Records for the task:
============

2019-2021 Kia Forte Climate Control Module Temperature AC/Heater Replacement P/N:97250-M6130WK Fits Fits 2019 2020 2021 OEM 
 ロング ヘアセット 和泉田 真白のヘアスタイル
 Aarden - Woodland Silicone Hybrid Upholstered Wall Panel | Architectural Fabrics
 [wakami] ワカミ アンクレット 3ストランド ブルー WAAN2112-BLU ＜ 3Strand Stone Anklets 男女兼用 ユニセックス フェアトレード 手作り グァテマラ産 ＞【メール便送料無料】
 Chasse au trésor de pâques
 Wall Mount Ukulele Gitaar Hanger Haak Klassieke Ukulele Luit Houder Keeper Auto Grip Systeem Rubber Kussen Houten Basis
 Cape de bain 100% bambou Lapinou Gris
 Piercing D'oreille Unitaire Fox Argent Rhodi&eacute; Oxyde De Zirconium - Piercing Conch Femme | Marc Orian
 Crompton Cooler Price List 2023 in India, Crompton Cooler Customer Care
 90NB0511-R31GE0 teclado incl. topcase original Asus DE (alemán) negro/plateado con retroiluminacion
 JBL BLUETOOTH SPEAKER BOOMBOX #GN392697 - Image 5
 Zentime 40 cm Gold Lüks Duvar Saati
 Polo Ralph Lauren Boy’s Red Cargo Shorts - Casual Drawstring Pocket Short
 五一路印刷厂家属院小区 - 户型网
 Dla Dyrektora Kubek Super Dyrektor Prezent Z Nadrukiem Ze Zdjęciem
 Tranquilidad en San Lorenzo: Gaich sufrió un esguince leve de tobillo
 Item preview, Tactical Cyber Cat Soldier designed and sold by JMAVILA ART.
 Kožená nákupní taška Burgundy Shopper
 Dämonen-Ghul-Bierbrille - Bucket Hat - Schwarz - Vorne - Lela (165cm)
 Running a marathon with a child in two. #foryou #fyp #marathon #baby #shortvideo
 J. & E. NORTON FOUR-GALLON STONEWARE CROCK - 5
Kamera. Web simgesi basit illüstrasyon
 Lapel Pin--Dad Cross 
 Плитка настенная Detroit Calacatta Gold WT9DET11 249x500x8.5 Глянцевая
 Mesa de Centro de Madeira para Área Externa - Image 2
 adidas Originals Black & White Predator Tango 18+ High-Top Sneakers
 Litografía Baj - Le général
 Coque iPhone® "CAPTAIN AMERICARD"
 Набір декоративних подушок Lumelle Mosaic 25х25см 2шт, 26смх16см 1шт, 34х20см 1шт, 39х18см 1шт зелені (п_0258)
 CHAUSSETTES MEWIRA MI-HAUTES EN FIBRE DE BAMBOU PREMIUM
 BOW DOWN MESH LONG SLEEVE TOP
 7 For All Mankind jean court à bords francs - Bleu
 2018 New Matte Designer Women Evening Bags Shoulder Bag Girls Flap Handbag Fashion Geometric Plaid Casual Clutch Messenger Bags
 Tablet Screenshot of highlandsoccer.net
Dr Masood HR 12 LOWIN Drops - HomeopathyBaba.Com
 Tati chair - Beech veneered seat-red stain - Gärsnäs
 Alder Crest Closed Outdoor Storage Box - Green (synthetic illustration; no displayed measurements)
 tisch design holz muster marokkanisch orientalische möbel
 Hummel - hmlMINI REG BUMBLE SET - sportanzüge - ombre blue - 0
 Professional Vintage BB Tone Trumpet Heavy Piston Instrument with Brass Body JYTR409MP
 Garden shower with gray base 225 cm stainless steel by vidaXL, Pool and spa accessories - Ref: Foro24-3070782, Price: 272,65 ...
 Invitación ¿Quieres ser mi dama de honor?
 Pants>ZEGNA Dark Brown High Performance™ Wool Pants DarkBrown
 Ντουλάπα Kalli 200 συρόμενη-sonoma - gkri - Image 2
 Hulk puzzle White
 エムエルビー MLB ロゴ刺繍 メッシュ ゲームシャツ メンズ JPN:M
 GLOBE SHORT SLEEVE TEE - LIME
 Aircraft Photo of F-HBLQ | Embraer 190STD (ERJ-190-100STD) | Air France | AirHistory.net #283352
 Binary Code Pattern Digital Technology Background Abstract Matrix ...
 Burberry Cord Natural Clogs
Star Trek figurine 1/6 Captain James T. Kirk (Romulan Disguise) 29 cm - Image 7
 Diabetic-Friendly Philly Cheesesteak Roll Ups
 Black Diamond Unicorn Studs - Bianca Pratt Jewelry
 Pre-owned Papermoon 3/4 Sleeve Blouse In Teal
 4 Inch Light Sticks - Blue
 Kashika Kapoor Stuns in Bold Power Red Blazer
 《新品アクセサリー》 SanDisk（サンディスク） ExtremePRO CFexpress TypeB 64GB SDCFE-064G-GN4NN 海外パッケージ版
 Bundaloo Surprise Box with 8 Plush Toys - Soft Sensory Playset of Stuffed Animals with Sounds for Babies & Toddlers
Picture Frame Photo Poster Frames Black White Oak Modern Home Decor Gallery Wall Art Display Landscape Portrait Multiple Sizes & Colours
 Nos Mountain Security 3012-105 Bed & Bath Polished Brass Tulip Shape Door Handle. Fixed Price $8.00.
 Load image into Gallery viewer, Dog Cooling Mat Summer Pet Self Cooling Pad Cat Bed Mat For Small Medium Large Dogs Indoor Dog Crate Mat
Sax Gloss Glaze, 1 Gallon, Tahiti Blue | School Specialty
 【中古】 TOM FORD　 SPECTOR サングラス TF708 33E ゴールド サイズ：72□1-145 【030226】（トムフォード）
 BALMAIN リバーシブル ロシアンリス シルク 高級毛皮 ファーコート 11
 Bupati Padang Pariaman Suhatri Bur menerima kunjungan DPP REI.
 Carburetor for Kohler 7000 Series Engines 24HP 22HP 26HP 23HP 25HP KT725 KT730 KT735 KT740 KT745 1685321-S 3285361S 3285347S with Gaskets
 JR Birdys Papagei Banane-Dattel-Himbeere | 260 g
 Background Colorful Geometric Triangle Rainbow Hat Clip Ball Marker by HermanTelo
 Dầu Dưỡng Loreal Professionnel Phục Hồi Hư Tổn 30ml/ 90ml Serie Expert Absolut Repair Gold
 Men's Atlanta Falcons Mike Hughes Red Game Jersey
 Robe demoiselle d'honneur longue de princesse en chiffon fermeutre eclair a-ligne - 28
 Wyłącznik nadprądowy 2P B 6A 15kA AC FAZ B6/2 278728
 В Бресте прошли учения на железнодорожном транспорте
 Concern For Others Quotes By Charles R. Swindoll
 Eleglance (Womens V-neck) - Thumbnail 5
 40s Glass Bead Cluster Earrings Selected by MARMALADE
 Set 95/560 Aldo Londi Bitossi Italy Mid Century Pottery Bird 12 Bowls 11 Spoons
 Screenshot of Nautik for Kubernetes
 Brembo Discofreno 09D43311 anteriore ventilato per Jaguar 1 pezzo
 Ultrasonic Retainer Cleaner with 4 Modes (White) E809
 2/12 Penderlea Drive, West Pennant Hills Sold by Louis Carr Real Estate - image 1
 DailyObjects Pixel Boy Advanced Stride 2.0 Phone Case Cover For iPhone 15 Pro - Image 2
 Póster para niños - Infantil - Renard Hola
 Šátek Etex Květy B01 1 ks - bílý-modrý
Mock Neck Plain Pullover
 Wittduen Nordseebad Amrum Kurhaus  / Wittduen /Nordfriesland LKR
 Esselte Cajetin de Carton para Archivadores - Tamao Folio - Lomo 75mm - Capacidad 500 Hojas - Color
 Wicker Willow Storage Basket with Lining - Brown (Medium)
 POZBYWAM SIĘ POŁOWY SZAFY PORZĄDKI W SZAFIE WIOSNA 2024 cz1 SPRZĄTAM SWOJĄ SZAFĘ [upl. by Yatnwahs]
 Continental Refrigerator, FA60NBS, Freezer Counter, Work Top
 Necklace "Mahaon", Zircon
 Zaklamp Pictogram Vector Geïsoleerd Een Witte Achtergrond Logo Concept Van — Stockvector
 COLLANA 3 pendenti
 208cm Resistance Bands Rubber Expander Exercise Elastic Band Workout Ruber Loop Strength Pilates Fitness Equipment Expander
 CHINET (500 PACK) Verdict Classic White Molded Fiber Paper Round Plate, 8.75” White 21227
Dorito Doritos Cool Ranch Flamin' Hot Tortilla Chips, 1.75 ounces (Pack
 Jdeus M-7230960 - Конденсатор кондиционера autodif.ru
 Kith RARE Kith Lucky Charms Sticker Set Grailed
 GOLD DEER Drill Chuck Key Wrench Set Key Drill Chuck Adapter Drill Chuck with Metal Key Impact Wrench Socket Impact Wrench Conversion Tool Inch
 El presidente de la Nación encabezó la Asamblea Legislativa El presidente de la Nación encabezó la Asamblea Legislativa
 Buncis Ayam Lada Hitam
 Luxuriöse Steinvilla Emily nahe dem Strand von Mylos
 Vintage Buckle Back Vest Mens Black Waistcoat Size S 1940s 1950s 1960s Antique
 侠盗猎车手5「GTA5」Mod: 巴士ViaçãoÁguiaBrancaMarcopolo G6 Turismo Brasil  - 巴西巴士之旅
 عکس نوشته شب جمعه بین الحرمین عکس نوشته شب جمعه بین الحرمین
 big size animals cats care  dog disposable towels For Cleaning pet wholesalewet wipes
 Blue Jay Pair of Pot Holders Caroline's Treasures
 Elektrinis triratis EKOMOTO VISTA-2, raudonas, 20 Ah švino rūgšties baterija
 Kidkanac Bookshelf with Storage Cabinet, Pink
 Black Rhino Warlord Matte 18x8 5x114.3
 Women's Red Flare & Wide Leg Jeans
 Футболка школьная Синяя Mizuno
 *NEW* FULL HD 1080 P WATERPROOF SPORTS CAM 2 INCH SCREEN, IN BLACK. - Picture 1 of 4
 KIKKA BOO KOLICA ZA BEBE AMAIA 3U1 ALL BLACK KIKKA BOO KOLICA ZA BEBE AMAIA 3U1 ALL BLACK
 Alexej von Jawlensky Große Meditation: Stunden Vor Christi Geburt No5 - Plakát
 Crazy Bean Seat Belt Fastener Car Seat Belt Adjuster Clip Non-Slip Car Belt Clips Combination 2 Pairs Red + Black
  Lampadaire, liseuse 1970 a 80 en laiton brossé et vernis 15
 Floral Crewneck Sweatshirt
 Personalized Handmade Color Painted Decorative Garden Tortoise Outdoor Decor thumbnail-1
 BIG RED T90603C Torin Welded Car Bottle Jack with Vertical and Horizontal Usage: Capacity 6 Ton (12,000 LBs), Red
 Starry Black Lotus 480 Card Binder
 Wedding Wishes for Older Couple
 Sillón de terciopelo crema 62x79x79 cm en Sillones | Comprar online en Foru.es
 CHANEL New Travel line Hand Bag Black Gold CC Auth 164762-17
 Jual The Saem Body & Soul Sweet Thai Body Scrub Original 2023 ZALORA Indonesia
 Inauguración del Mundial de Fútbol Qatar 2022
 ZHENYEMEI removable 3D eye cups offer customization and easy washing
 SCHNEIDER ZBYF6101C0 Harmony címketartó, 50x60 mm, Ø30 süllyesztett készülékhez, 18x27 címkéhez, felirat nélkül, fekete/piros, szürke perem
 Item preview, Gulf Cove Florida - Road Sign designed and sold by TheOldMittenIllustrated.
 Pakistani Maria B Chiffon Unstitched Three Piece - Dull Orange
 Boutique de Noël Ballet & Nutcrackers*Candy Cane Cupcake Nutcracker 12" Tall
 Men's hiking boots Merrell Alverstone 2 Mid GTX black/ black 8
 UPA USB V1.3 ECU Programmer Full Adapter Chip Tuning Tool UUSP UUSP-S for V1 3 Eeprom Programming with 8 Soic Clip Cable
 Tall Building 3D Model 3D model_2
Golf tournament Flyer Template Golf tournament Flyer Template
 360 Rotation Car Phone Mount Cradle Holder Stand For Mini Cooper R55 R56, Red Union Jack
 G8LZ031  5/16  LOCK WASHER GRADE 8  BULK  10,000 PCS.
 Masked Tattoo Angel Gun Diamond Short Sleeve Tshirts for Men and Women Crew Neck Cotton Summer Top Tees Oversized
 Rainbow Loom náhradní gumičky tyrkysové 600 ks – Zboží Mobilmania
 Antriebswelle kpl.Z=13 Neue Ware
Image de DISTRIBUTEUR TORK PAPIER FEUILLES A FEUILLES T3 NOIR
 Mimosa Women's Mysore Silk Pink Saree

============

Assigned task: If a line in the data above contains the string "preview", count it; then state only the total.

Response box: 2